* _Information provided_:
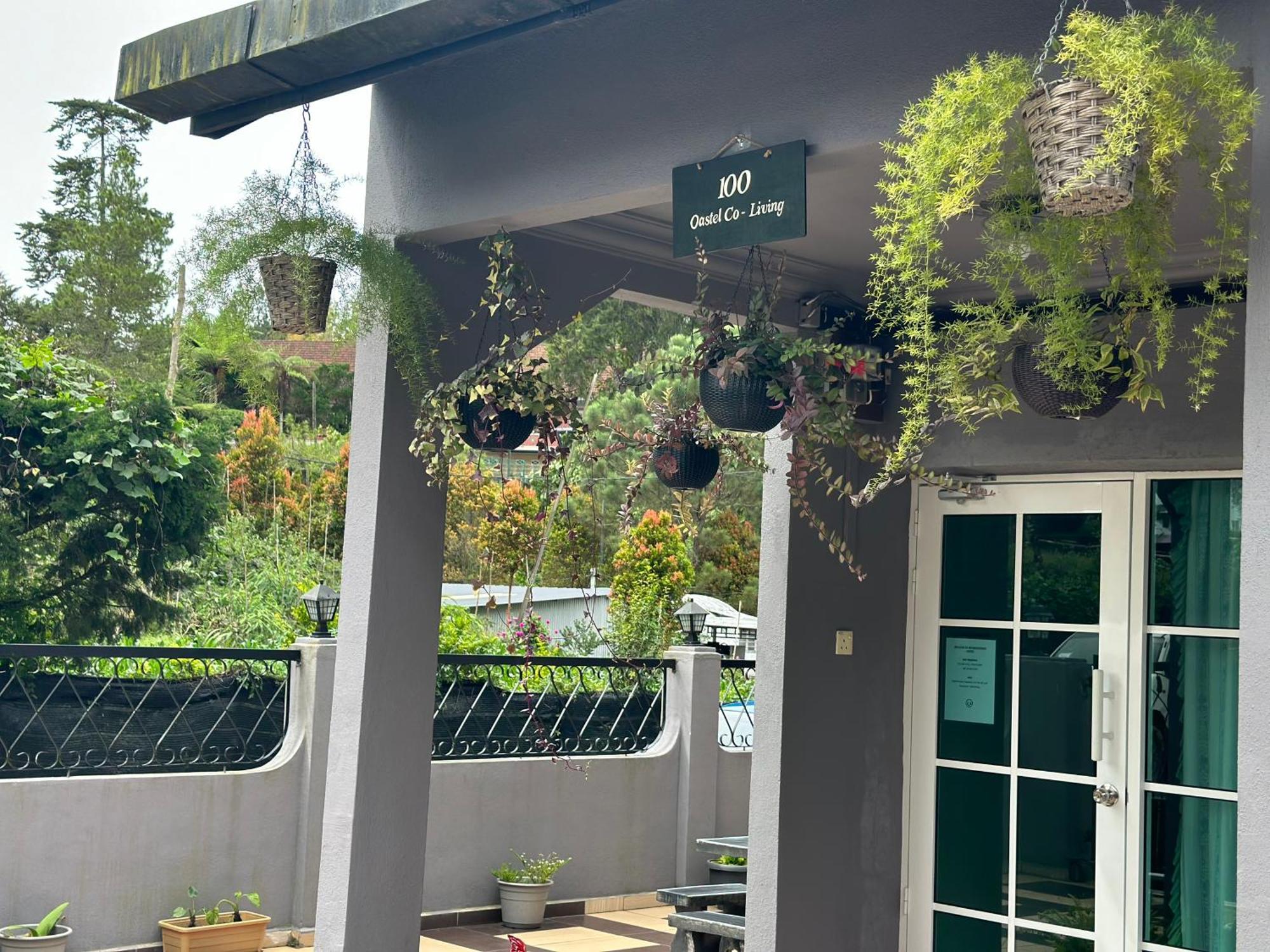 Hotel 100 Oastel Coliving Tanah Rata Exterior foto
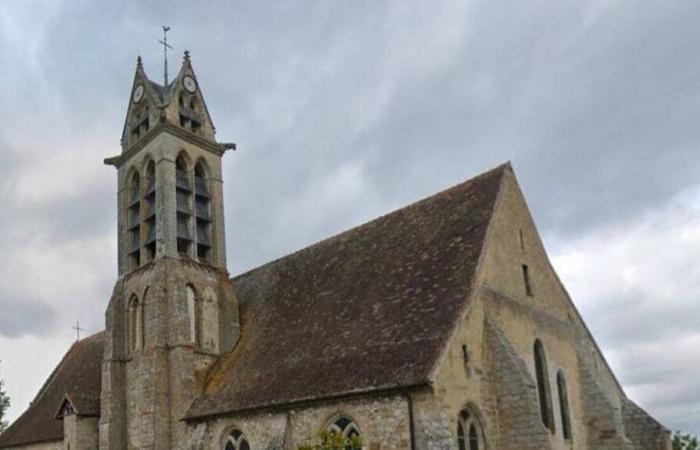 Incisioni medievali rinvenute in una chiesa a Seine-et-Marne prima dei lavori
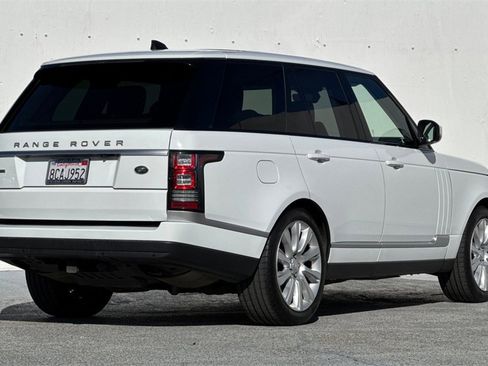 Used 2017 Land Rover Range Rover Supercharged image 4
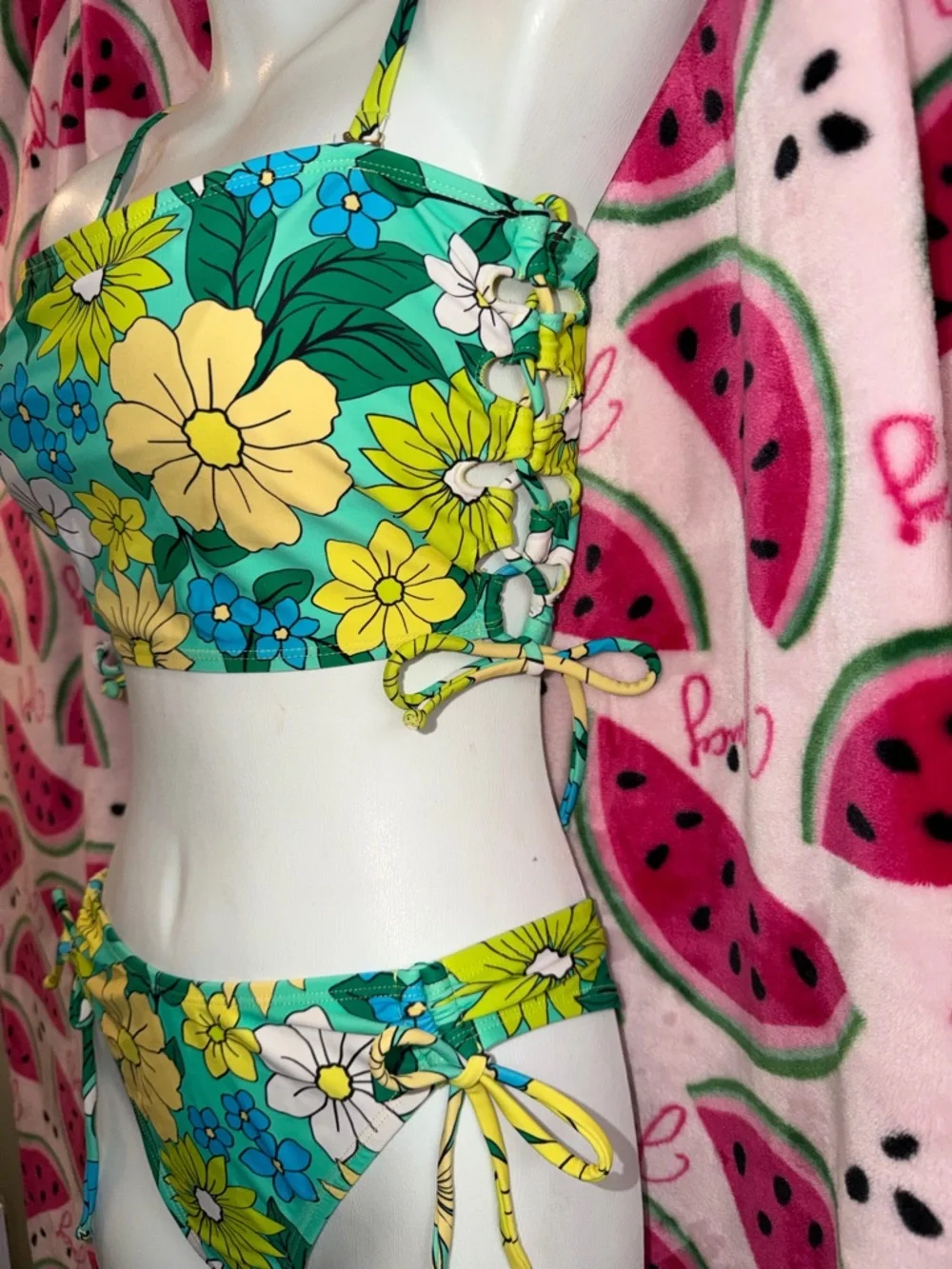 No Boundaries bright floral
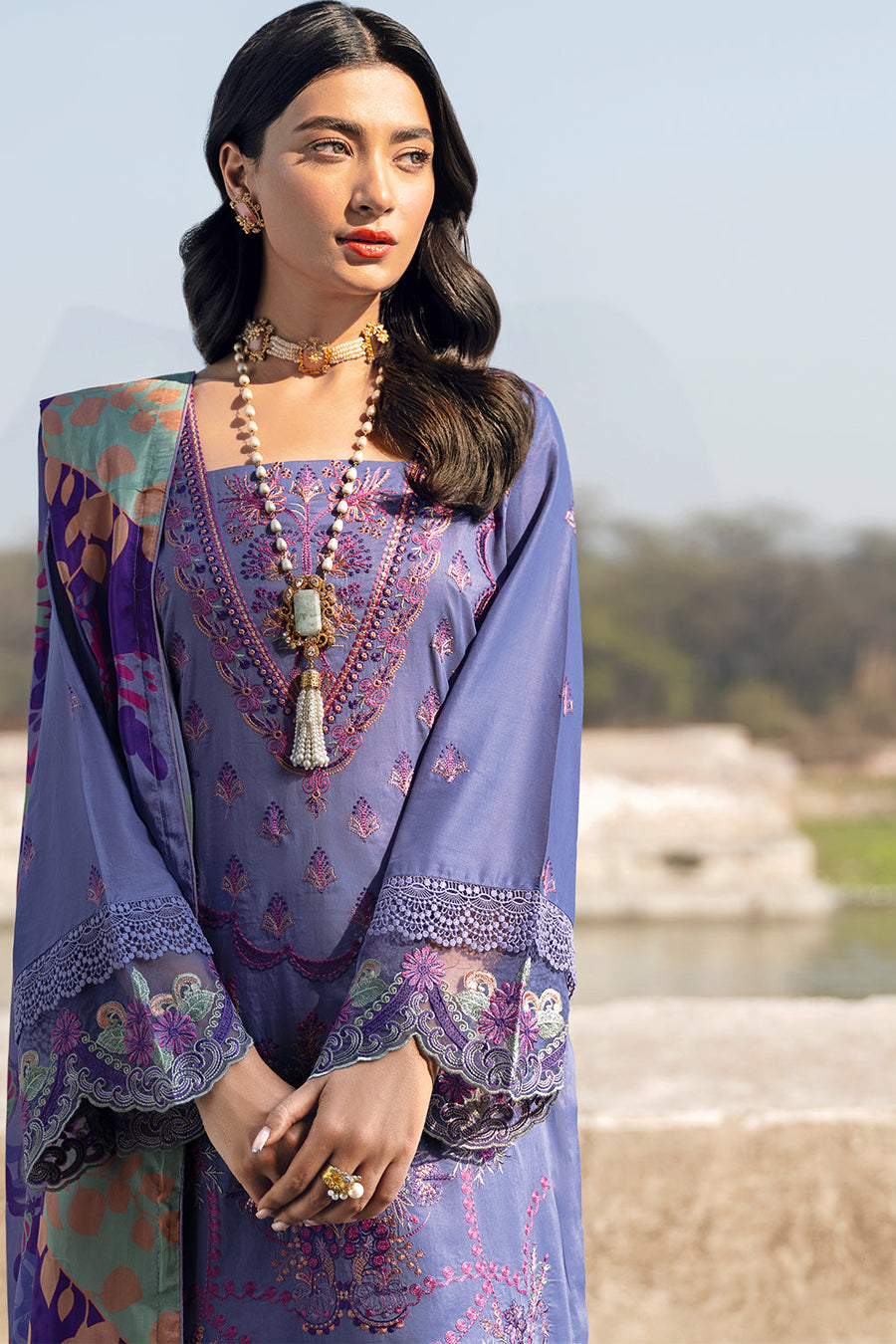 Ramsha Andaz Vol-06 Embroidered Luxury Lawn Unstitched 3Pc Suit Z-610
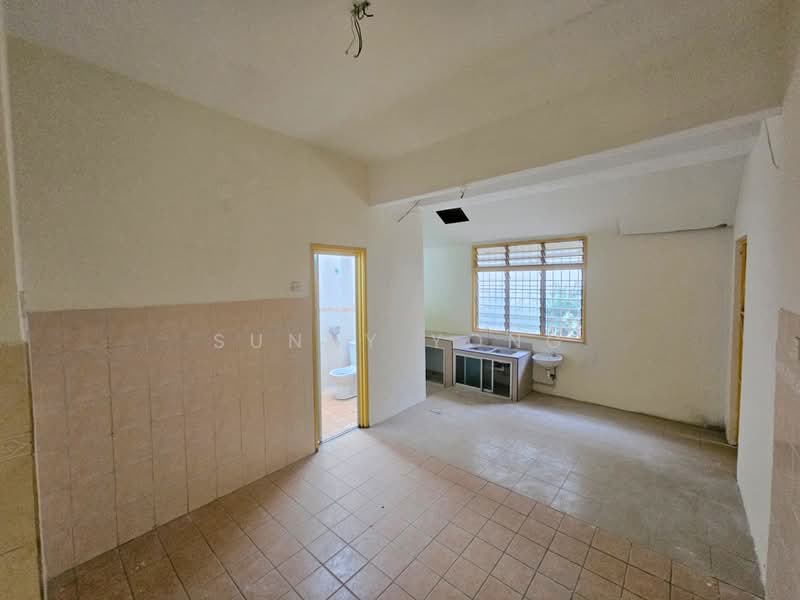 Rumah Teres 2.5 Tingkat untuk Dijual di Bandar Puteri Puchong (Puchong) - SUNNY YONG - Kitchen - PropertyGuru.com.my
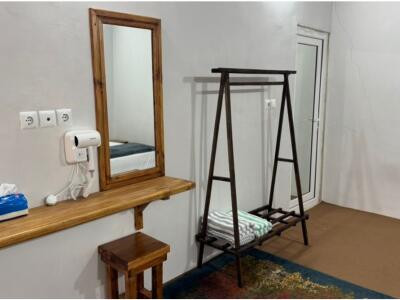 اقامتگاه بوم‌گردی رامش (اتاق مروارید)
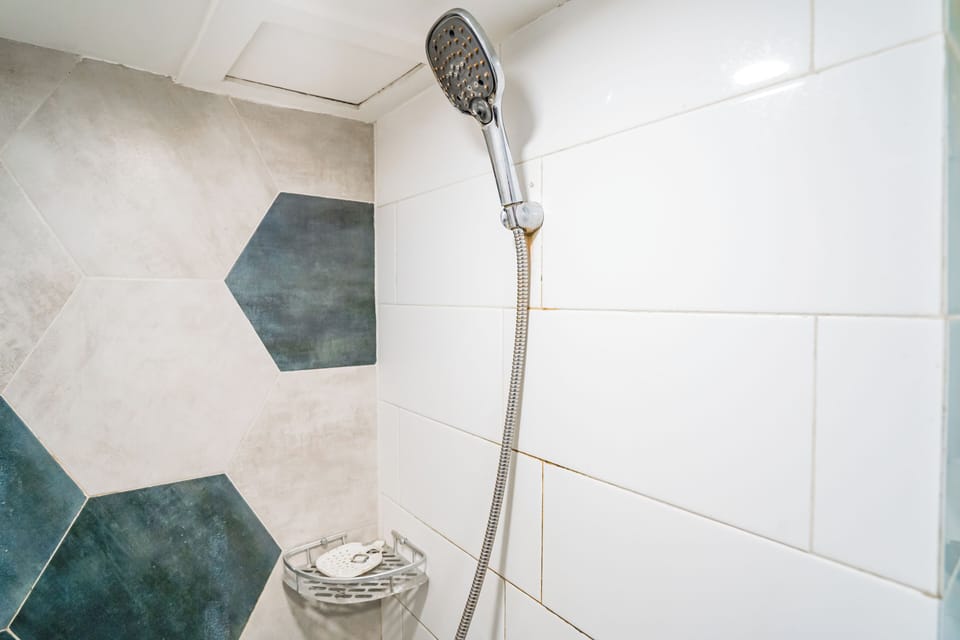 Family Suite | Bathroom | Shower, towels, soap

* _Exercise goal_: With the pictures excluded, retype the records above verbatim.

* _Answer for the task_:
 Hotel 100 Oastel Coliving Tanah Rata Exterior foto
 Incisioni medievali rinvenute in una chiesa a Seine-et-Marne prima dei lavori
 Used 2017 Land Rover Range Rover Supercharged image 4
 No Boundaries bright floral
 Ramsha Andaz Vol-06 Embroidered Luxury Lawn Unstitched 3Pc Suit Z-610
 Rumah Teres 2.5 Tingkat untuk Dijual di Bandar Puteri Puchong (Puchong) - SUNNY YONG - Kitchen - PropertyGuru.com.my
 اقامتگاه بوم‌گردی رامش (اتاق مروارید)
 Family Suite | Bathroom | Shower, towels, soap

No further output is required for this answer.